Claude T. Smith (1932 - 1987) was born in Monroe City, Missouri. He started his musical career playing trumpet in the fifth grade. He attended Central Methodist College until he was drafted into the Army during the Korean Conflict. Unable to find a position with the service bands as a trumpeter, he auditioned on the French Horn and won a position with the 371st Army Band. Smith finished his undergraduate studies at the University of Kansas in Lawrence. He taught instrumental music in Nebraska and Missouri junior and senior high schools, later teaching composition and conducting the orchestra at Southwest Missouri State University. In 1978, Smith gave up teaching to serve as a full-time composer and consultant for Wingert-Jones Music Company and Jenson Publishing Company. During his career, he composed over 120 works for band, chorus, orchestra, and small ensembles. Active as a clinician and guest conductor, he received numerous awards and honors, including election to the presidency of the Missouri Music Educators Association. His composition Flight has been adopted as the Official March of the National Air and Space Museum of the Smithsonian Institution.
The March from the movie 1941 is the most memorable part of this Steven Spielberg 1979 production starring John Belushi.
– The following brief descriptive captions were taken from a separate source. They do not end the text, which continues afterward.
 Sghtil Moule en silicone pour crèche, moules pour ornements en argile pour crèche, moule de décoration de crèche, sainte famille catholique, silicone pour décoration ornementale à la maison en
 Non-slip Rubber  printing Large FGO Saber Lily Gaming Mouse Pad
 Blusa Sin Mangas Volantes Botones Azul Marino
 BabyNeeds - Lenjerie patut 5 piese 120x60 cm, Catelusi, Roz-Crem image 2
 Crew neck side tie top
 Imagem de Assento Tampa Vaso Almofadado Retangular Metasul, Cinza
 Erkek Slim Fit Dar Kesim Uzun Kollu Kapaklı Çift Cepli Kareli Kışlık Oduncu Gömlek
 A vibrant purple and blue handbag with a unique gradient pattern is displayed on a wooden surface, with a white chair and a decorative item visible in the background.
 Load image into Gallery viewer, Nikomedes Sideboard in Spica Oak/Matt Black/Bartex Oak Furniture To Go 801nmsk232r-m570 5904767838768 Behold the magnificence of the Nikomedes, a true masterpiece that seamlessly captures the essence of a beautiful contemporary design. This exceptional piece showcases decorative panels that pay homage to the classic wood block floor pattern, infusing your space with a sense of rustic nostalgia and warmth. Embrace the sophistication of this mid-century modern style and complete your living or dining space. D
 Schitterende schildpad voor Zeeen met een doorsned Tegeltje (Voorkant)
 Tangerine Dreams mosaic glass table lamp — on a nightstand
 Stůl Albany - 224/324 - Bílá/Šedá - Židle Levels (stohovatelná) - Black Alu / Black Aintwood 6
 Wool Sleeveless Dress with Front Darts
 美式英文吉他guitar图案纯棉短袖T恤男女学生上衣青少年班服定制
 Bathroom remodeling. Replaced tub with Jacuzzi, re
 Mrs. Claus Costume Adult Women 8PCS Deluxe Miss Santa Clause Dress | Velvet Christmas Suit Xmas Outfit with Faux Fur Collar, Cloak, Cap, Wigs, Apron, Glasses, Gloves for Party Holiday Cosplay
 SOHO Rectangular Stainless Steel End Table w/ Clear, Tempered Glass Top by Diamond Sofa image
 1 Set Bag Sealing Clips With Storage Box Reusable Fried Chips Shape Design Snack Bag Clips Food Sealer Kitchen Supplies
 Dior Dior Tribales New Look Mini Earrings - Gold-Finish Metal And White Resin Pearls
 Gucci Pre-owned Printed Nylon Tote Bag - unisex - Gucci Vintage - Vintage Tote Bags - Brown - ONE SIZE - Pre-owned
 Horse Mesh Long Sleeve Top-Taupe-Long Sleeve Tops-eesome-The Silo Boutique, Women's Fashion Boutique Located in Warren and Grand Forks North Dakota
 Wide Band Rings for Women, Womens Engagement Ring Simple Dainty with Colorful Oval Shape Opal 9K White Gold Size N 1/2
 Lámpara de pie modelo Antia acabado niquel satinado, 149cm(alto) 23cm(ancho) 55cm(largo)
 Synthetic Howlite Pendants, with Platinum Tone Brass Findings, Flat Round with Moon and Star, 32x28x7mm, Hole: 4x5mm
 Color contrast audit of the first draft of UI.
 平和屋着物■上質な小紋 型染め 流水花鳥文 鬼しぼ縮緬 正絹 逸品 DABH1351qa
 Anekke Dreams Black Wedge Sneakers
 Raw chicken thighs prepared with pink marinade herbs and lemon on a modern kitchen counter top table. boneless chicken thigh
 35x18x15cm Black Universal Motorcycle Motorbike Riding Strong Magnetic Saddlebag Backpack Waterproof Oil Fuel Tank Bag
The lack of success for the movie may stem from the plot that depicts hysteria in Los Angeles just days after the attack on Pearl Harbor, when fear of a Japanese invasion is imminent. It is hard to appreciate humor in the actions of manic servicemen, zealous store owners, and bickering Nazis. The March has the bright and patriotic theme that would capture such an event, though.
Warren Barkers arrangement captures the style and sound of Millers dance band. It has the careful mix of swing, jazz, and improvisation that has made the music popular for many generations. Sentimental ballads and swinging riffs will bring back sweet memories to many and set many toes tapping.
Alton Glenn Miller began a solid mid-western life in Clarinda, Iowa, in 1904. When he was 3, his family homesteaded in Tryon, Nebraska. A pump organ, played by his mother, would fill their sod house with music. Moving again, as a teen, to Missouri, Miller earned money to buy a trombone by milking cows. He attended two years of college at the University of Colorado, but his interest in the new dance band music led him to leave school and try his luck in Los Angeles. He found work in several groups, including Ben Pollacks orchestra, touring alongside a clarinetist named Benny Goodman. When Pollacks orchestra moved to New York, Miller left the group to successfully freelance in that city. In 1934, he helped Ray Noble organize an orchestra that gained popularity through its radio broadcasts. Four years later, he started the Glenn Miller Orchestra (really, the second with that name). With engagements at summer resorts in New York and New Jersey, together with radio broadcasts, the orchestra started breaking attendance records at his engagements. Contributing to the special sound of his arrangements was the use of the clarinet as the lead instrument, harmonically supported by saxophones. His recording of Tuxedo Junction sold 115,000 copies in the first week of its release. He earned the first gold record ever awarded for his Chattanooga Choo-Choo.
Too old to be drafted, Miller volunteered for the Navy in 1942, but they could not use his services. Undaunted, Miller persuaded the Army to accept him to put a little more spring into the feet of our marching men and a little more joy into their hearts. He joined the Army Air Corps as a Captain, later rising to the rank of Major. During World War II, Millers band entertained more than a million troops. On the night of December 15, 1944, Miller embarked on a military flight to Paris to make arrangements for a Christmas broadcast to the troops. The flight took off in foggy weather and was lost over the English Channel.